All sorts of false pretensions have been hung upon the word bishop, as used by the writers of the New Testament. But Phil. 1:1; Acts 20:17; and James 5:14, set forth the fact that there were several bishops in the same congregation, an idea which will not harmonize with the assumption that a bishop ranks above an elder, or even a body of elders. Then, 1 Peter 5:1-2, solemnly charges the elder to use well his episcopal functions. Even as late as Jerome A.D. 331-370, this oneness of office was generally admitted, in the Churches, for he says: The elder is identical with the bishop, and before parties had so multiplied under diabolical influence, the Churches were governed (meaning each Church) by a council of elders.
Nor were the so-called powers of Timothy and Titus in any sense those of the modern prelate.
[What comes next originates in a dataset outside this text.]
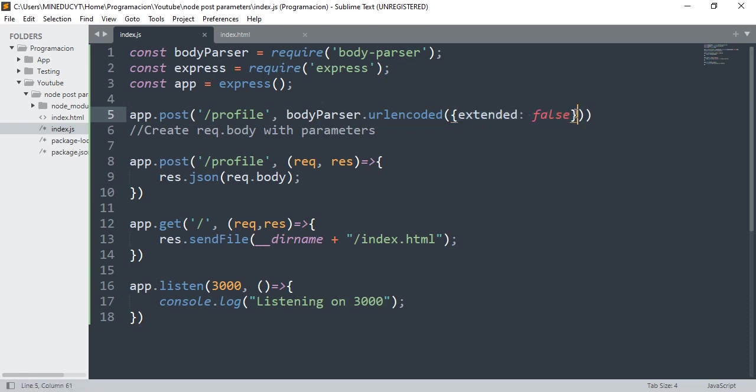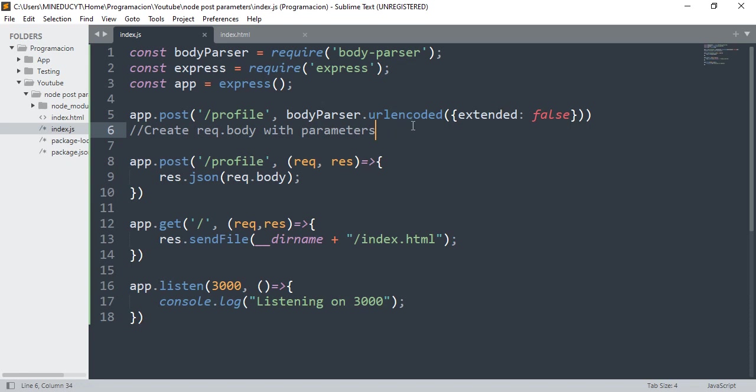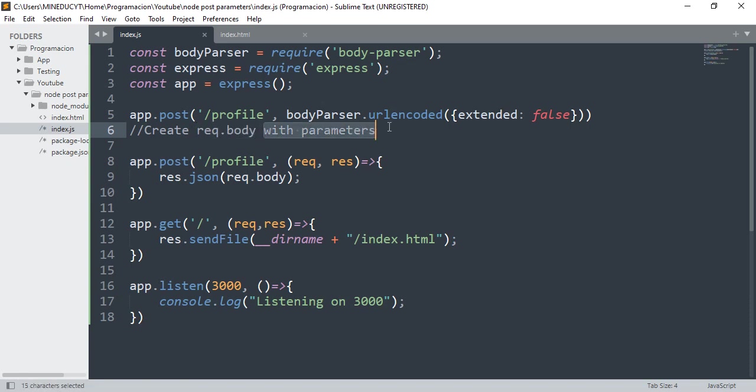Why extended false? It's because it gives more compatibility to JSON so that we can do better management of the data. So what does this do? This creates req.body object with the parameters.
They were merely the functions of missionary evangelists. These holy men were sent to establish feeble Churches already planted, and to organize new ones, as the same class of men today who labor without prelatical authority. Neither did James assume authority at Jerusalem after the form of a modern diocesan. He simply attained greater influence than other pastors by his all-absorbing consecration to God, and to the feeding of his flock, as a holy pastor over that single congregation. In association with his fellow-elders in that body, he sacredly guarded its interests as a brotherhood. Persecution was perpetually breaking up this and other Churches and was one of the things which made this plurality of elders in the same congregation necessary. The first blow was generally aimed at the elders, as the official heads of these communities. Some of them were cut down, others were obliged to flee for their lives, and at the best the Churches were broken into groups, especially in large cities, so that they must be ministered to, when, where, and as they could. When the elders did meet together for consultation, either in time of peace or in persecution, some one must preside over their conferences; and he who did so, acted simply as the peer of his brethren, without authority over them; for while he was a bishop, each one of his brethren was the same. This, James did at Jerusalem, no more and no less.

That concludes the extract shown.